- Task to complete -
With the pictures removed, reproduce exactly the lines from the one that contains "Jarmo Leinon Citroen" through the last line of the entries below.

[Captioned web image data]
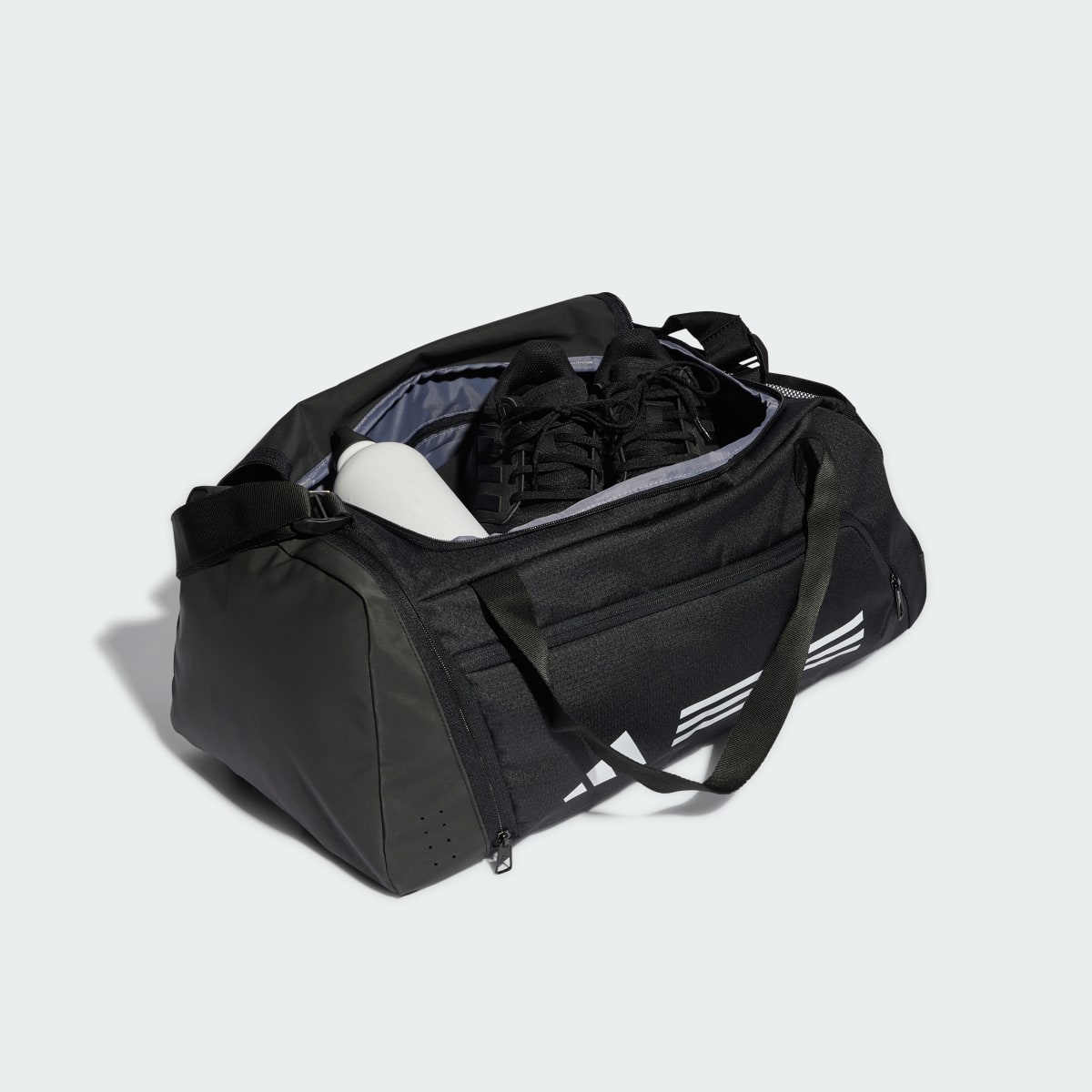 Adidas Essentials 3-Stripes Duffel Bag Small. 5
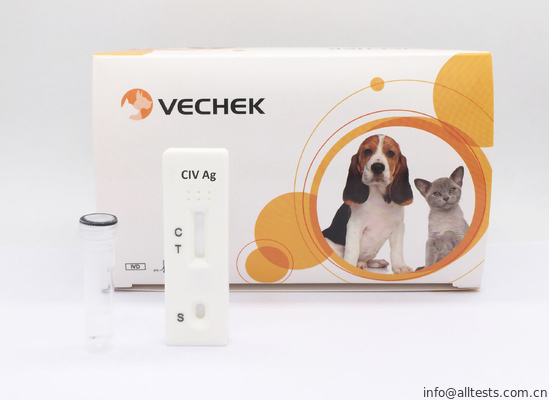 Good price تست ویروس آنفلوانزای سگ با استفاده از کیت تشخیصی سریع و ساده Qucikly آنلاین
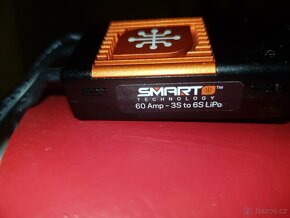 regulátor SMART Technology 60 Amp - 3S až 6S LiPo spektrum - 2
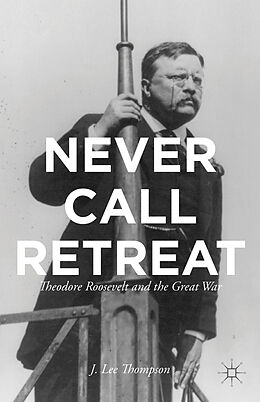 Fester Einband Never Call Retreat von J. Thompson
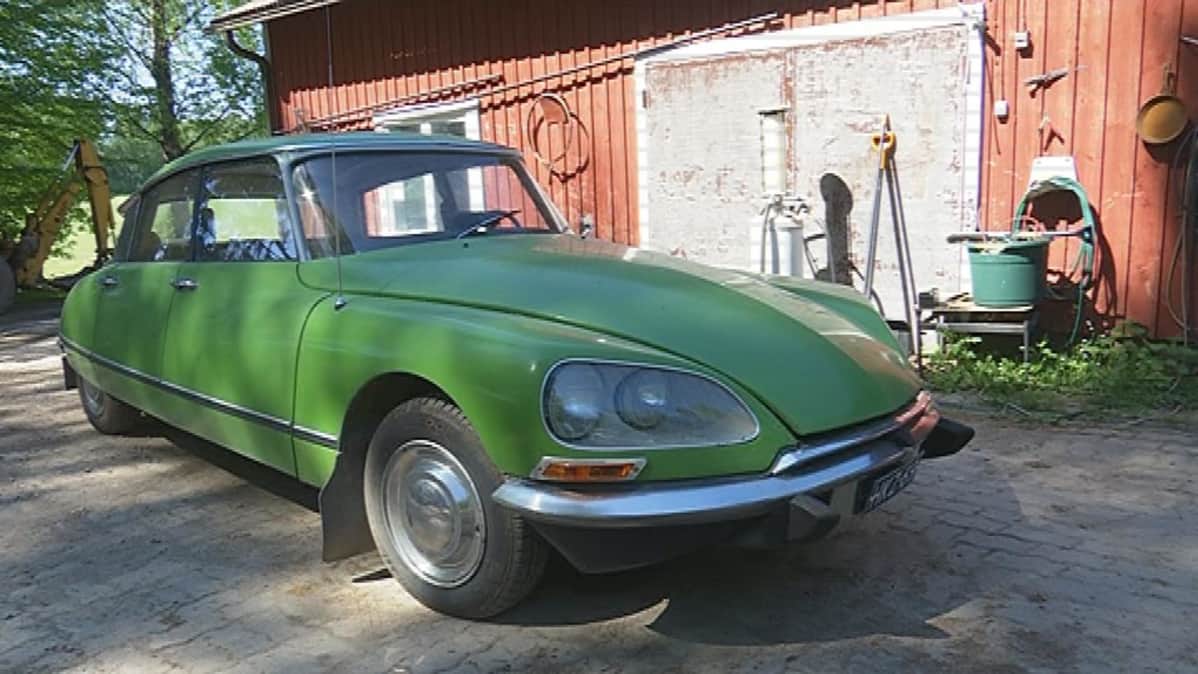 Jarmo Leinon Citroen
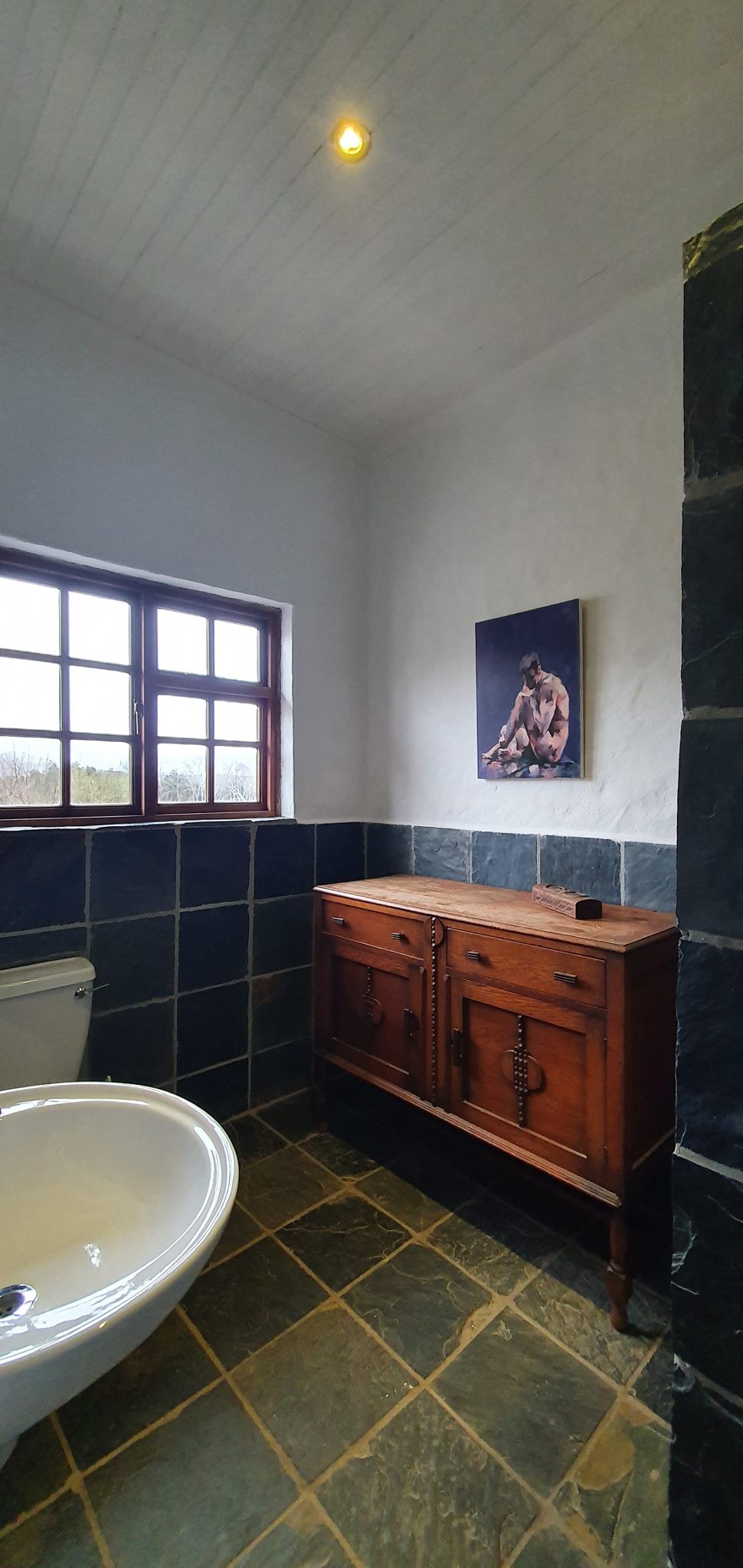 Zandrivier Working Farm Seweweekspoort Western Cape South Africa Bathroom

- Output for this task -
 Jarmo Leinon Citroen
 Zandrivier Working Farm Seweweekspoort Western Cape South Africa Bathroom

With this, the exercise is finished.